Among the records, which lines hold the word "bathroom"? Pick them out.

::: ENTRIES PROVIDED :::

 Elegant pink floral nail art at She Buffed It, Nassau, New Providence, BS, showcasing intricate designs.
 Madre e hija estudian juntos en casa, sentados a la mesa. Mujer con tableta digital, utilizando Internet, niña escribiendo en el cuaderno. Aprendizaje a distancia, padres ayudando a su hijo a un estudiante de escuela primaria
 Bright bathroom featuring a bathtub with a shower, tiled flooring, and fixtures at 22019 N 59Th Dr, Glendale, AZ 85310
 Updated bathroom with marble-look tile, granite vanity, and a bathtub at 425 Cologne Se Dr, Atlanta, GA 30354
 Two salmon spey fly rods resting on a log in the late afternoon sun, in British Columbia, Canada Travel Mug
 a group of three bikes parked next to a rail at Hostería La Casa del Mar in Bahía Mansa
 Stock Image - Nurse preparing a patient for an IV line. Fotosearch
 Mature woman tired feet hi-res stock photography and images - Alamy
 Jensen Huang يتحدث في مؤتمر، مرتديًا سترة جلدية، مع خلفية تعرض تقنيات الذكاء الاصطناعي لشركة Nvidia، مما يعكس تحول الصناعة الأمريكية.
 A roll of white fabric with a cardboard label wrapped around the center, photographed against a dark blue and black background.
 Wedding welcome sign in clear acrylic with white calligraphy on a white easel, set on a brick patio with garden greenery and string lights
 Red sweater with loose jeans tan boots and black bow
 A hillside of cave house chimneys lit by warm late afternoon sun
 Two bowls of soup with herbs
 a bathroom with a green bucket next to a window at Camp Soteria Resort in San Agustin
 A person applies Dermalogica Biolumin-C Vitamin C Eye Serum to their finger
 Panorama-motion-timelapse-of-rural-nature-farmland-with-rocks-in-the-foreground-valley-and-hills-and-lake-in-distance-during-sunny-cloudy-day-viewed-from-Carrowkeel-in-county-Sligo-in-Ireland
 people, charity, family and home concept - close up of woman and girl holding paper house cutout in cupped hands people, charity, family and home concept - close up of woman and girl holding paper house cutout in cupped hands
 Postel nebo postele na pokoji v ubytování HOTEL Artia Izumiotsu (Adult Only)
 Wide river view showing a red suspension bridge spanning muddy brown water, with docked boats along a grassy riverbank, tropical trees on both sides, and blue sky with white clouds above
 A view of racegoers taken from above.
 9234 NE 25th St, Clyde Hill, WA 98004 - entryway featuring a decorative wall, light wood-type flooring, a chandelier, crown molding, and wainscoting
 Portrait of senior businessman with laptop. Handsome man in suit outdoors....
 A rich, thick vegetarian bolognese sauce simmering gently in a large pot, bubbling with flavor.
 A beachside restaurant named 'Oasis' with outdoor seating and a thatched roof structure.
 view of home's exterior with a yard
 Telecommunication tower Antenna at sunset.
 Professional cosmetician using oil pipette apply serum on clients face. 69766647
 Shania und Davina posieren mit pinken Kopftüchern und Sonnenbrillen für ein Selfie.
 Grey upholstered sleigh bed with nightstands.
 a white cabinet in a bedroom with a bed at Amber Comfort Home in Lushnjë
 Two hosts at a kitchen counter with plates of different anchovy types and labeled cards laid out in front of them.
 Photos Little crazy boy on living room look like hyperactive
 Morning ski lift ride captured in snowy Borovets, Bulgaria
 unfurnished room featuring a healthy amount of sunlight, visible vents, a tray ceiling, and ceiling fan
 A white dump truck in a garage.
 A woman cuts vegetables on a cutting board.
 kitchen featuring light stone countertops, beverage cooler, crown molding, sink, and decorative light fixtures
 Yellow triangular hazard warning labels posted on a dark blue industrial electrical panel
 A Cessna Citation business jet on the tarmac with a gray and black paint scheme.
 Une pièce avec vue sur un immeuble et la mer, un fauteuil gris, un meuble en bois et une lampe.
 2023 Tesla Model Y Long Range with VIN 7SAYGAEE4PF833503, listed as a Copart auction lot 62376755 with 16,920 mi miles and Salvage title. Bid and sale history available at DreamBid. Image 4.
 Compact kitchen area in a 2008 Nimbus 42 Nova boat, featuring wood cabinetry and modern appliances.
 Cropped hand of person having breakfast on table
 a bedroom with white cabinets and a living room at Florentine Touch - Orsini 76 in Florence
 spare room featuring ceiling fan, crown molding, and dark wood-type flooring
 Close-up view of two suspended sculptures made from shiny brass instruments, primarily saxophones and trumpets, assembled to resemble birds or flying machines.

:::

§ TASK ANSWER
 Bright bathroom featuring a bathtub with a shower, tiled flooring, and fixtures at 22019 N 59Th Dr, Glendale, AZ 85310
 Updated bathroom with marble-look tile, granite vanity, and a bathtub at 425 Cologne Se Dr, Atlanta, GA 30354
 a bathroom with a green bucket next to a window at Camp Soteria Resort in San Agustin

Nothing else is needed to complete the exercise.